• EXERCISE INSTRUCTIONS
In the records below, find the line containing "PIECES PIECES dam" and repeat it and every line after it exactly, without pictures.

DATA FOR ANALYSIS START

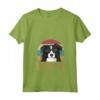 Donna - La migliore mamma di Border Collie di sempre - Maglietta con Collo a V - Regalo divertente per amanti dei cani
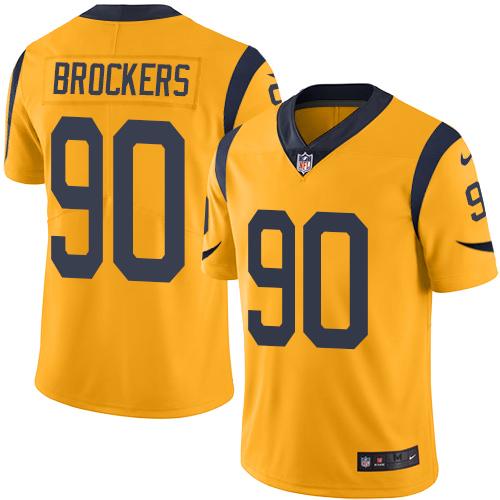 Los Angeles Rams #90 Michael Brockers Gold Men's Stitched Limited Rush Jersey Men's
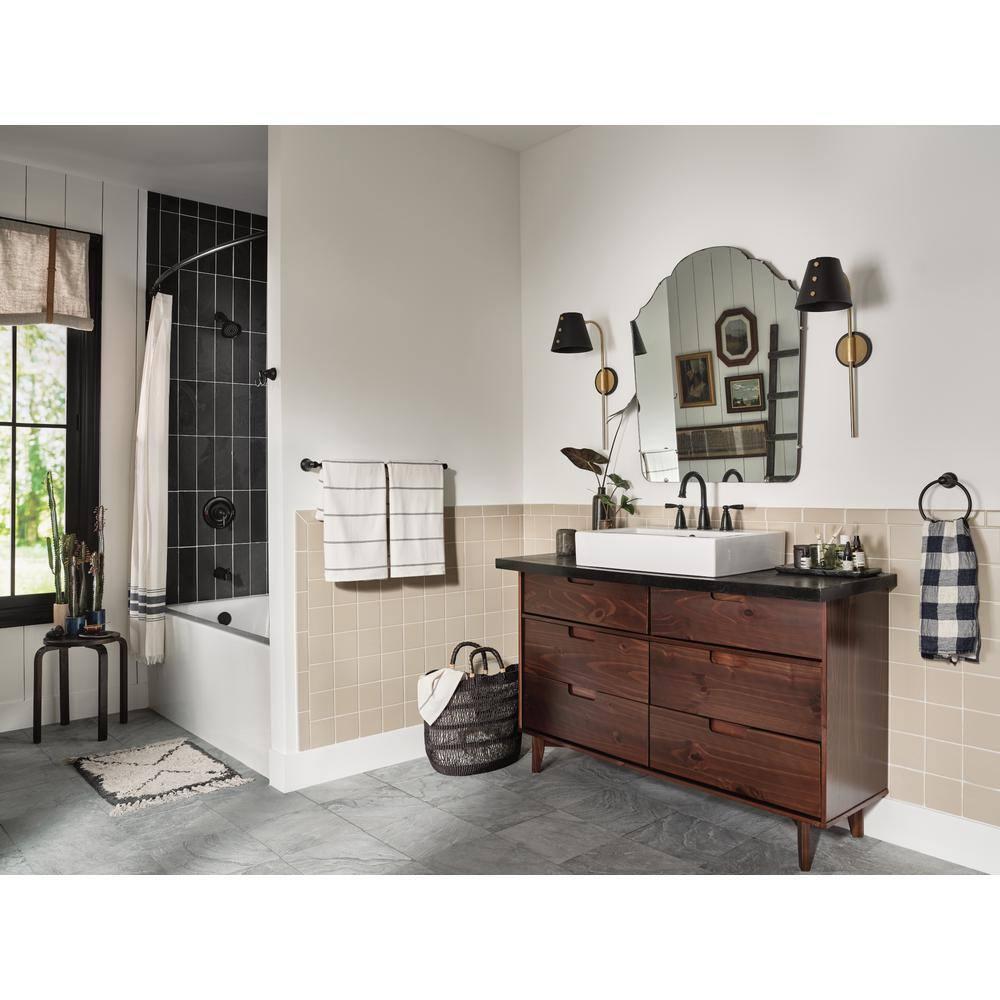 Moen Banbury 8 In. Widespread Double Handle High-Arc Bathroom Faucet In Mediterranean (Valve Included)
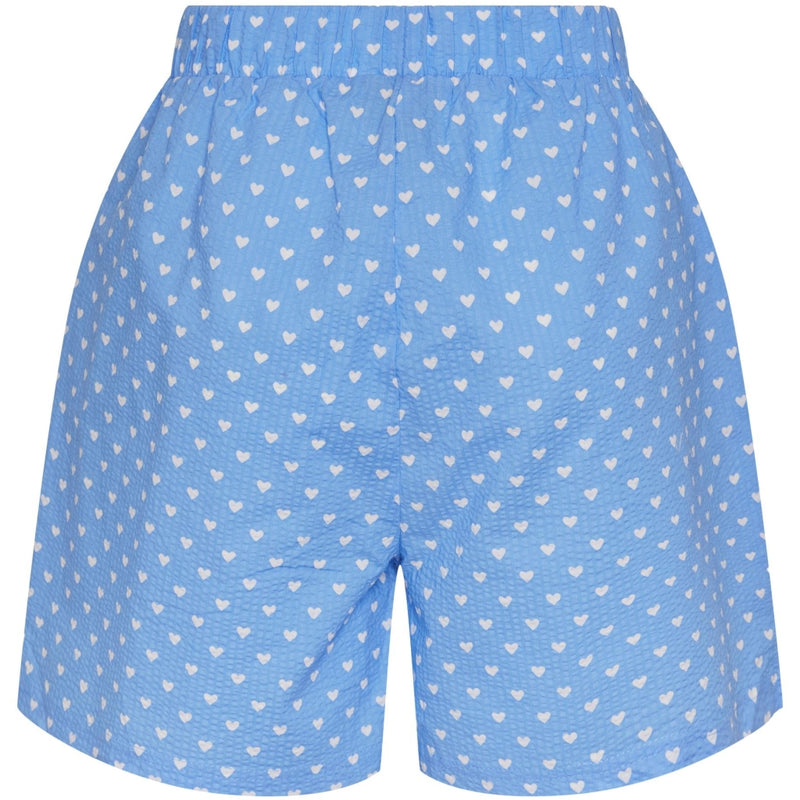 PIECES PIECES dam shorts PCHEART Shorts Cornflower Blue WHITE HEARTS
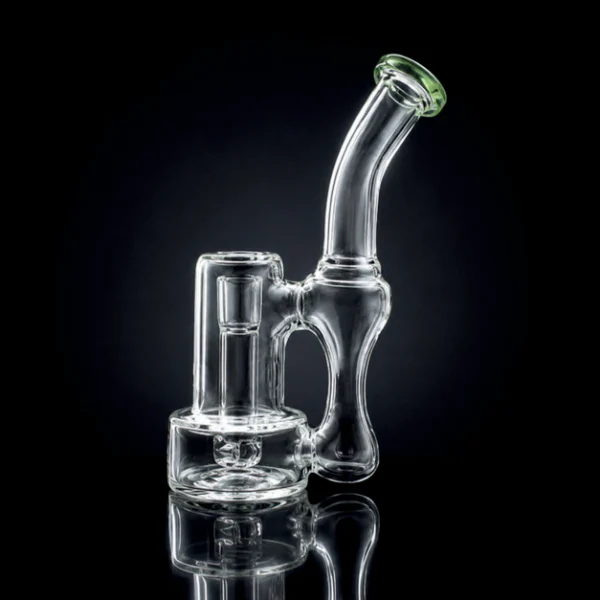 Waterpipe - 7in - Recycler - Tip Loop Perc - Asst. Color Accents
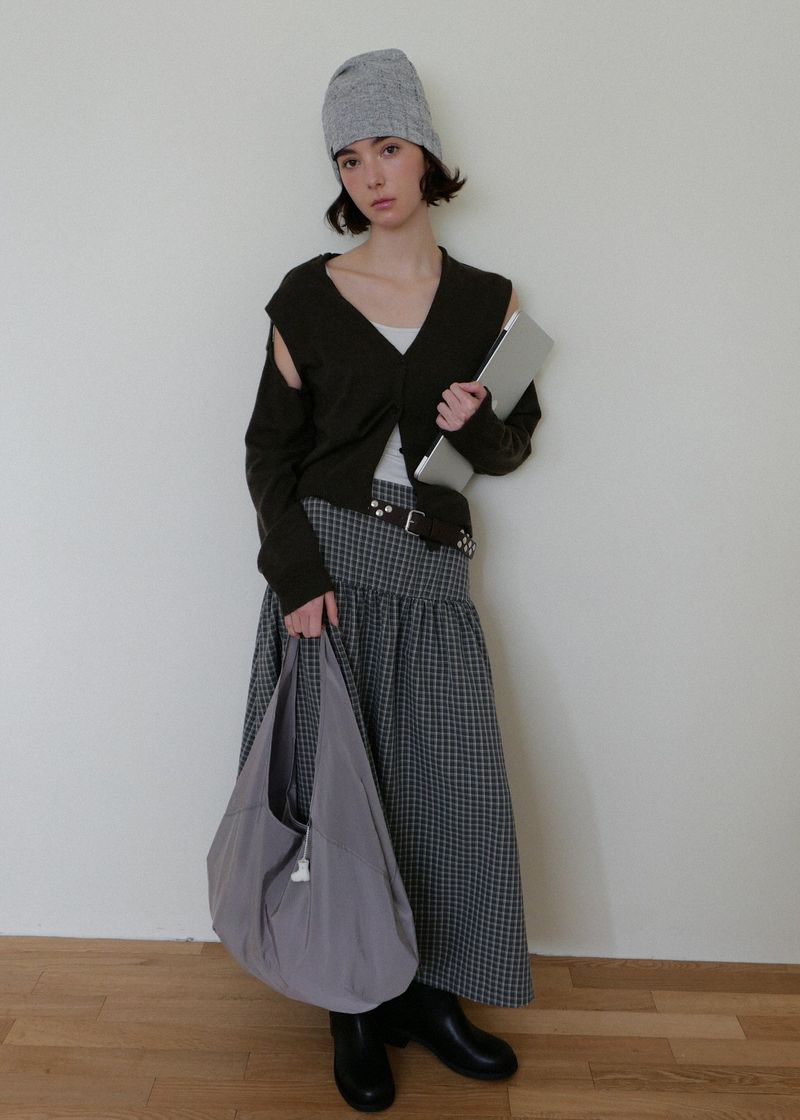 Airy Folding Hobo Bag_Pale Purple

DATA FOR ANALYSIS END

• REPLY
 PIECES PIECES dam shorts PCHEART Shorts Cornflower Blue WHITE HEARTS
 Waterpipe - 7in - Recycler - Tip Loop Perc - Asst. Color Accents
 Airy Folding Hobo Bag_Pale Purple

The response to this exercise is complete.